The first cracks began to appear in the second year of his studies at Cambridge, when he moved from Elvin's sympathetic supervision to a more challenging encounter with E.M.W. Tillyard at Jesus College.10 Tillyard – one of the first lecturers to be appointed to teach the new Cambridge degree in the 1920s, and the pioneer of studies in the historical ‘background’ of English literature that Williams was later to attack with regularity – raised a number of questions which the young Williams was unable to answer.

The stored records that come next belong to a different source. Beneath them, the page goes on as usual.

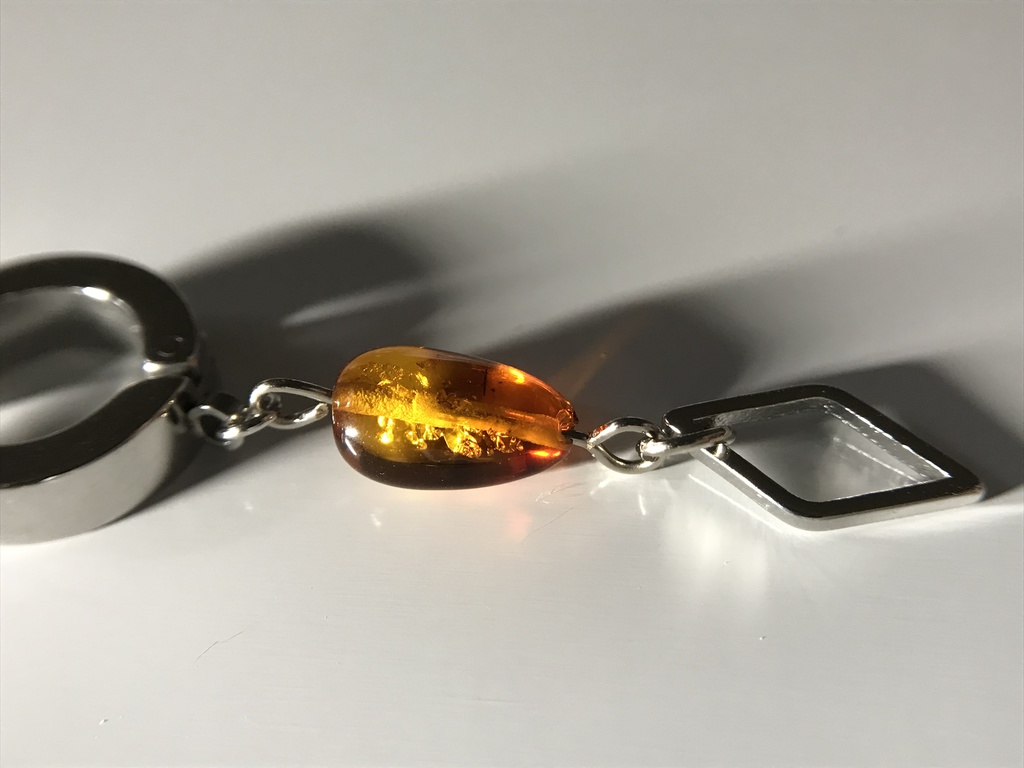 【試作品】琥珀と菱形のメタルパーツのフェイクピアス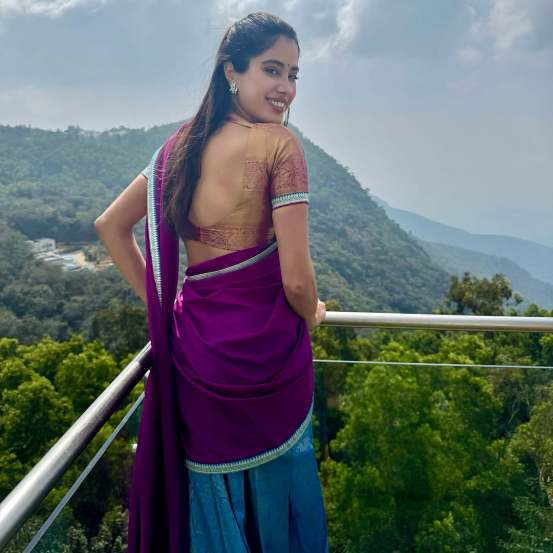 Janhvi kapoor in purpule colour saree, new year 2025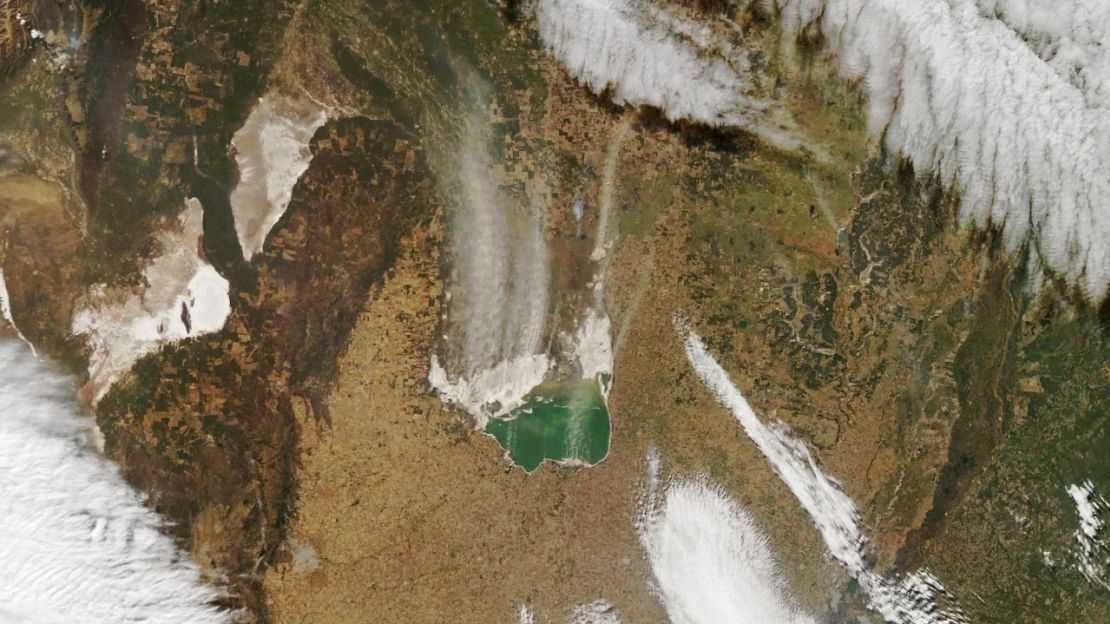 Polvo saliendo del mar Chiquita, Argentina, en julio de 2022. Los niveles de agua son ahora sistemáticamente inferiores a los de las décadas de 1980 y 1990, debido a la sequía y a las extracciones de agua. Crédito: NASA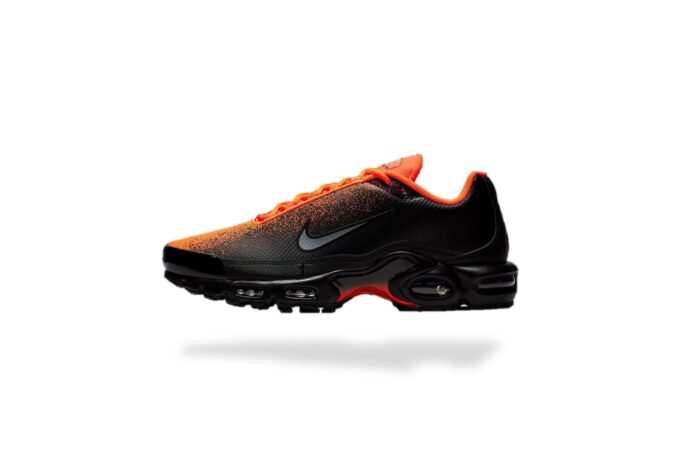 AIR MAX PLUS TN SE HYPER CRIMSON  SPRAY PAINT 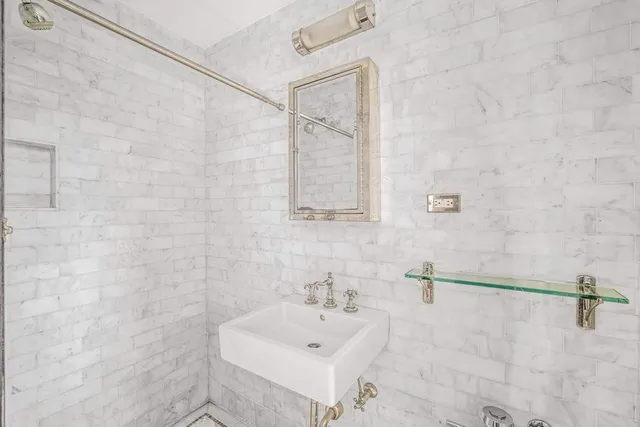 $1,379,000 | 240 East 79th Street, Unit 11A | Upper East Side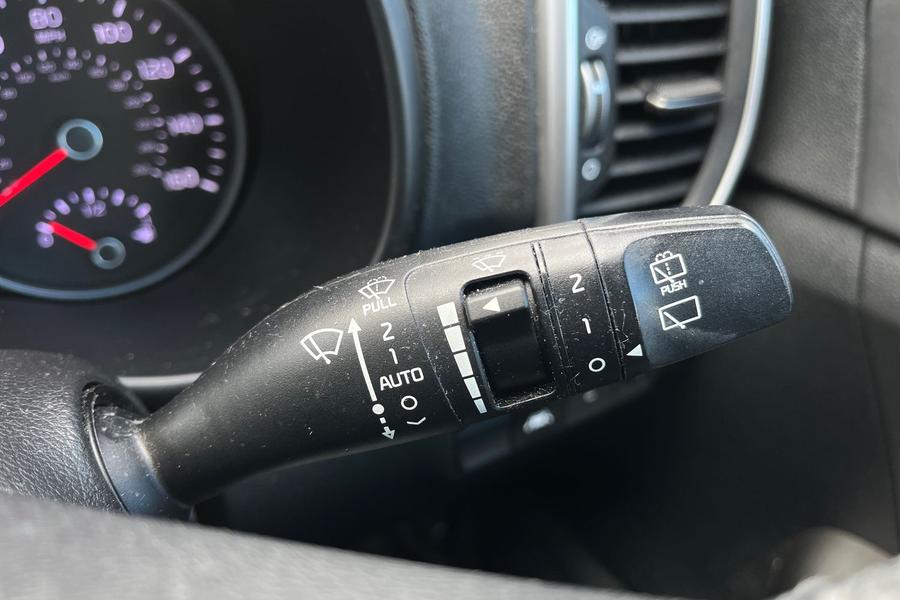 Kia SPORTAGE Photo autoimg-f6651bd8e7e6ea542837c5afcb3a025e2ad76cc9.jpg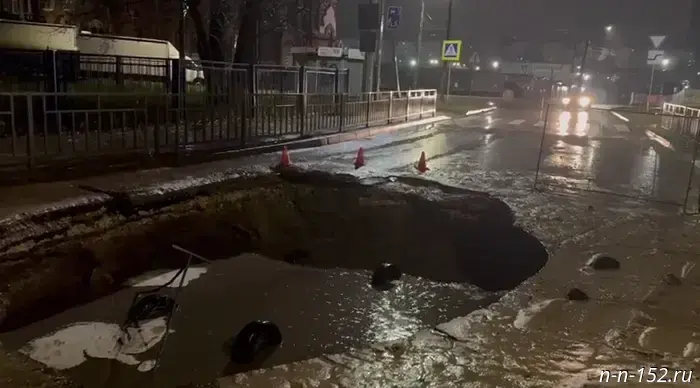 A driver was injured when a car overturned into a pit in Nizhny Novgorod.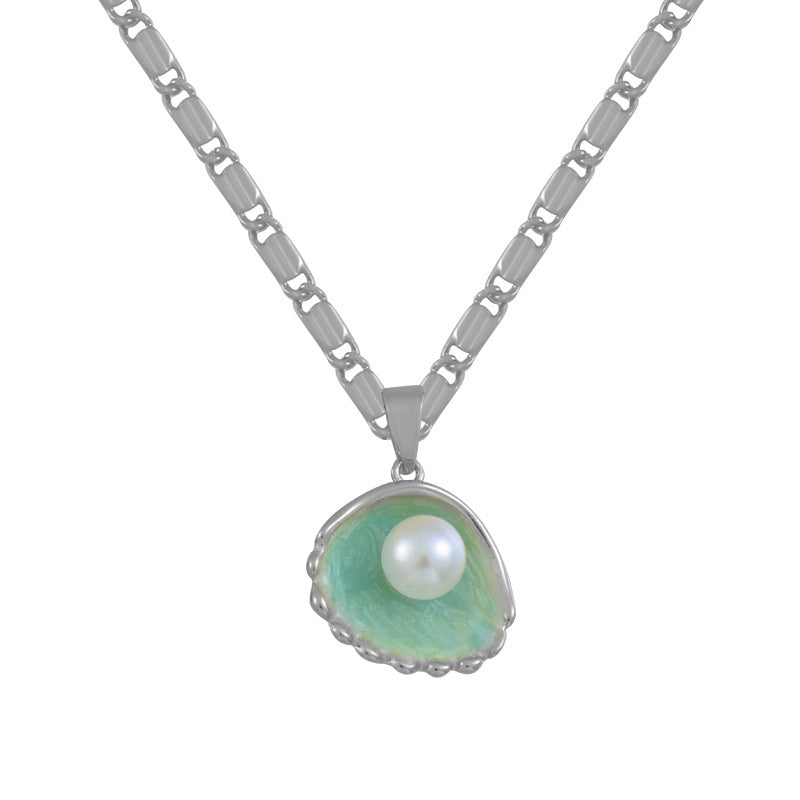 Necklace in Shell Shape
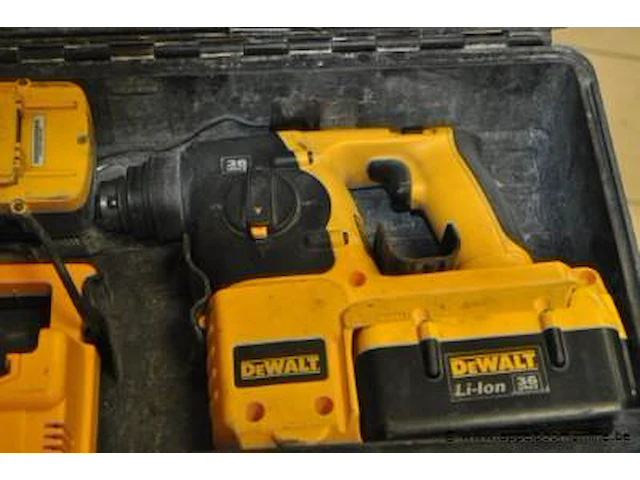 Accu boorhamer dewalt dc234 - afbeelding 2 van  3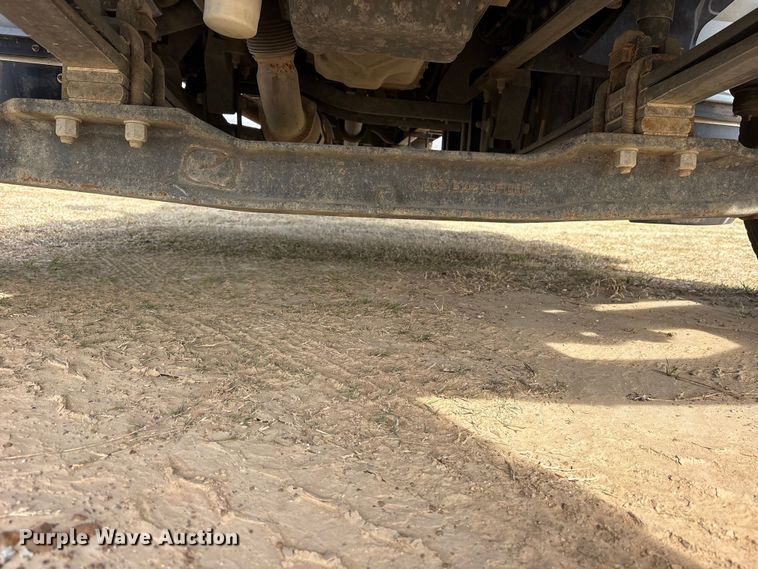 image for item ES8621 2021 Ford F750 box truck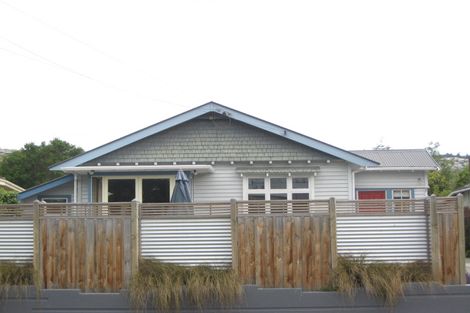Photo of property in 86 Sandwich Road, Beckenham, Christchurch, 8023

The second year of the English Tripos focused on the history of the novel and Romantic poetry. In his tutorials with Tillyard, Williams sought to apply the stock responses of the 1930s Marxist criticism he had been reading. In this ‘proleptic criticism’, the literature of the present and of the past is read and evaluated in terms of future needs. In his introduction to The Mind in Chains (1937), the poet Cecil Day-Lewis repeated with approval Edward Upward's contention that ‘the most enduring books are those in which the writer has seen so deeply into contemporary reality that he has exposed “the shape of things to come” latent there’ (Day-Lewis 1937a: 16). Upward himself argued that for the Marxist ‘a good book is one that is true to life…. For the Marxist critic, therefore, a good book is one that is true not merely to temporary existing situations but also to the future conditions which are developing within that situation’ (Day-Lewis 1937: 46). In the same vein, Ralph Fox, in his The Novel and the People, also stresses the need for a new Marxist realism:
The new realism it is our task to create must take up the task where bourgeois realism laid it down. It must show man not merely critical, or man at hopeless war with a society he cannot fit into as an individual, but man in action to change his conditions, to master life, man in harmony with the course of history and able to become the lord of his own destiny.
(Fox 1937: 100)
In this view, novels of the past should be judged in terms of how novels should be written in the present; Romantic poetry represented an unfinished project of human liberation.11 Tillyard's reply to this was apparently blunt and forceful: ‘He told me this was not a tena...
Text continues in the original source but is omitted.